I didn’t plan to write this today, but something in me feels ready to be honest.
Lately, life has felt quieter in a way I didn’t expect. Not empty… just softer.
Like I’ve stepped out of a version of myself that was always bracing, always holding, always preparing for what could go wrong.
There was a time I thought that was strength.
And maybe it was.
It carried me through things I never imagined I would survive.
But I am no longer in that same place.
I have known deep loss.
I have known years of learning myself through love, through marriage, through becoming.
I have known what it means to keep going when everything in you wants to pause.
And somewhere along the way, I stopped asking myself how to survive and started asking myself how to live.
Now, I am learning something different.
I am learning what it feels like to be cared for.
To let go of control.
To stop performing strength in order to feel safe.
To allow softness without guilt.
There is a version of me that used to believe rest had to be earned.
That love had to be managed.
That life had to be held tightly or it would fall apart.
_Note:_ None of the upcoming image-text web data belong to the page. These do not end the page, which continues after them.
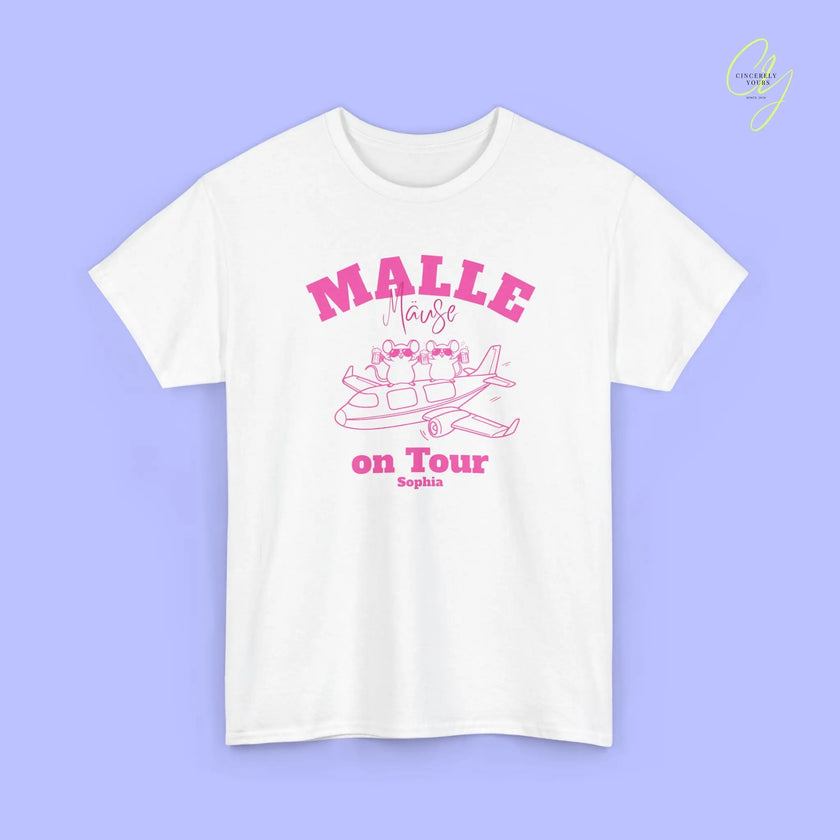 Malle Party Shirt — Malle Party Maus on tour Bierkrug Flugzeug(Customizable) Cincerely Yours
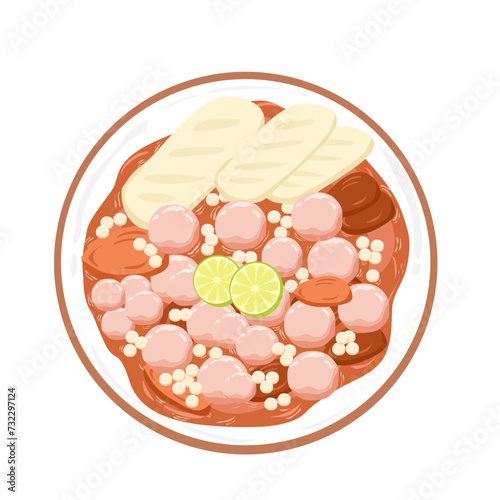 Spicy bakso aci indonesian food illustration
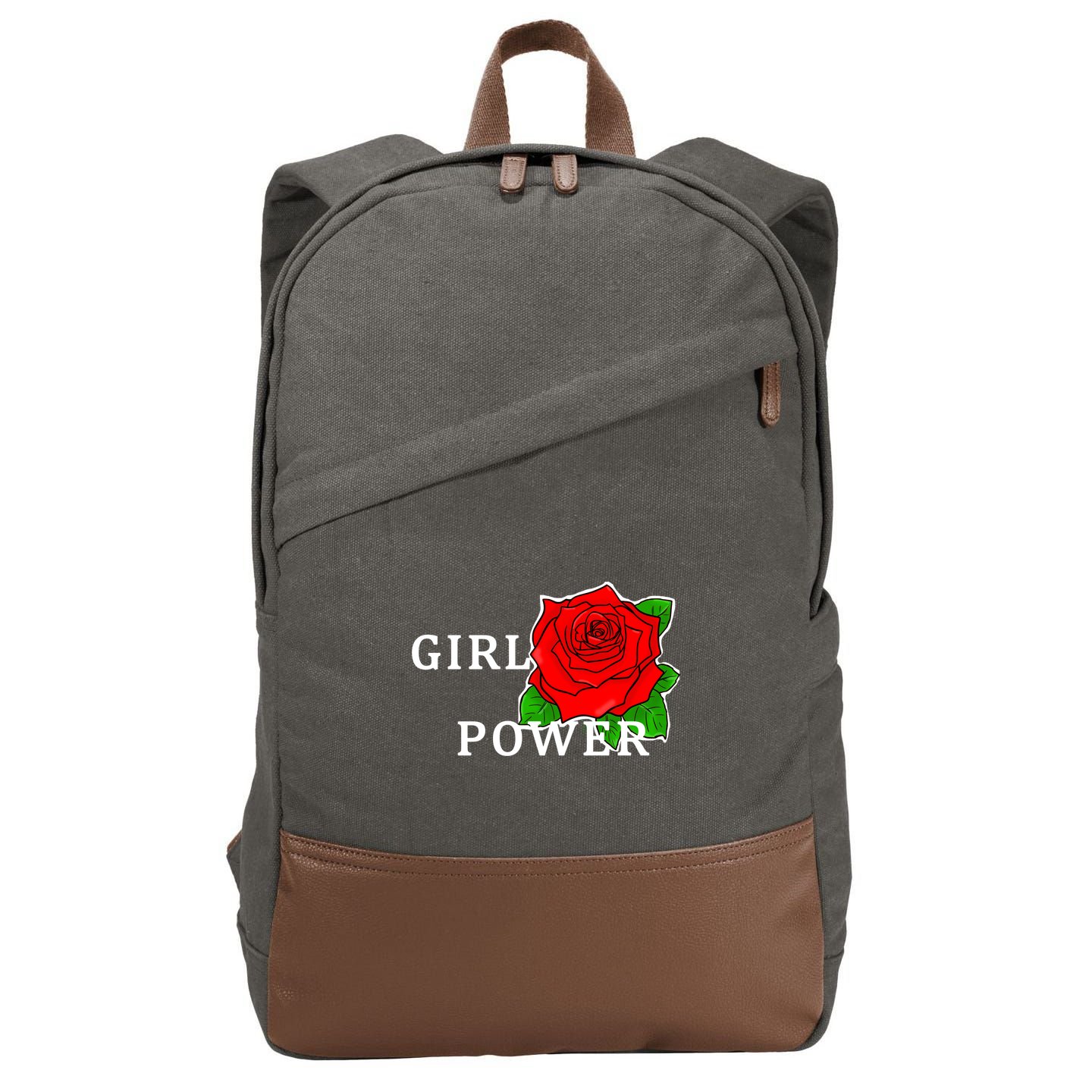 Girl Power Rose Cotton Canvas Backpack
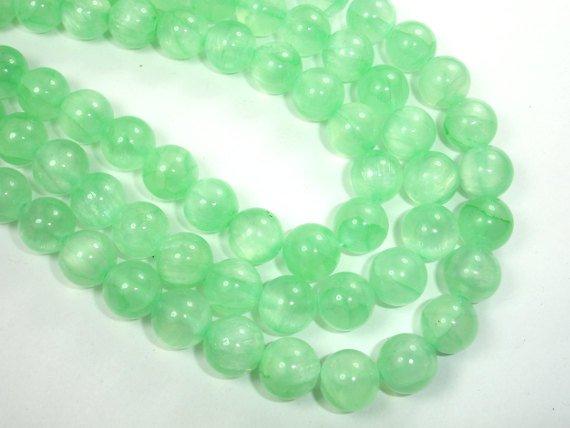 Dyed Jade, Light Green, 10mm Round Bead-Gems: Round & Faceted-BeadBeyond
I don’t live there anymore.
I find myself moving slower now.
Thinking less in urgency and more in presence.
Allowing myself to be supported instead of constantly being the support.
And even though this is what I once longed for, it still feels like an adjustment, like my nervous system is learning a new language.
Softness is not passive.
It is unfamiliar in a world that rewarded my survival.
But I am beginning to understand something: I do not have to stay “strong” to be worthy of love.
Or presence.
Or peace.
I do not have to carry everything to be valuable.
I do not have to stay on ten to prove I am alive.
I am allowed to simply be here.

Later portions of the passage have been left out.